# LOOK 675 Light - Headset issues



## vasuvius (May 22, 2013)

I have a 2014 LOOK 675 Light that I bought new from a dealer out in Montana (there was only one local dealer and I didn't want to go there).

The headset has been loose for a while and I've been unable to tighten it enough. Recently it has become worse and braking is a nightmare.

While the headset looks like any of the other LOOK headsets with the pin through the fork, compression ring and the plug, the A-stem setup and frame shape for that makes it a bit tricky to get the headset setup.

I believe the model for the headset is Headfit 4 - which I can't find anywhere online. Headfit 3 seems to retail for close to $200 which seems high for a headset.

Has anyone replaced the headset on this bike with any other standard FSA or headset, compression rings etc ? The bearings themselves seem perfectly fine.

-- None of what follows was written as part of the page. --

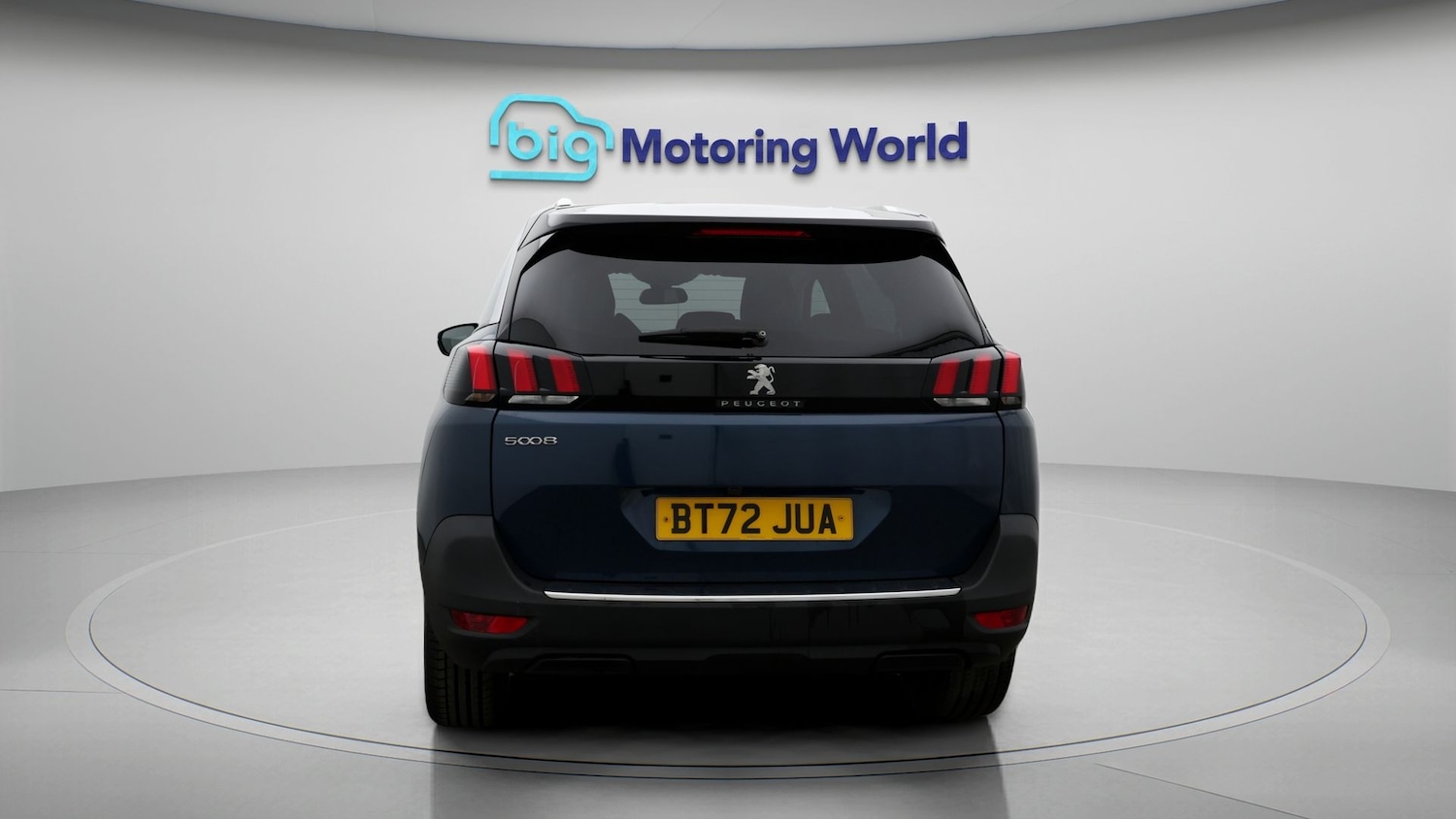 Used Peugeot 5008 2022 for sale - 77220377: Photo 6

Now, there seem to be a few more LOOK dealers in the area, so, that is an alternative. It's been a few years since I've had to take a bike in to a shop (do my work myself)

thanks,V


----------



## mik_git (Jul 27, 2012)

Not sure if you an replace the headset and stem... (but then again the 695 RZ comes without? so maybe???)

I noticed mine seem a bit loose,clunky yesterday after a race, with a bit of dread I pulled off the stem just now and gave it a tighten, put it back together...then ulled apart and gave a bit more of a tighten...seems good now. Will see how it goes.


----------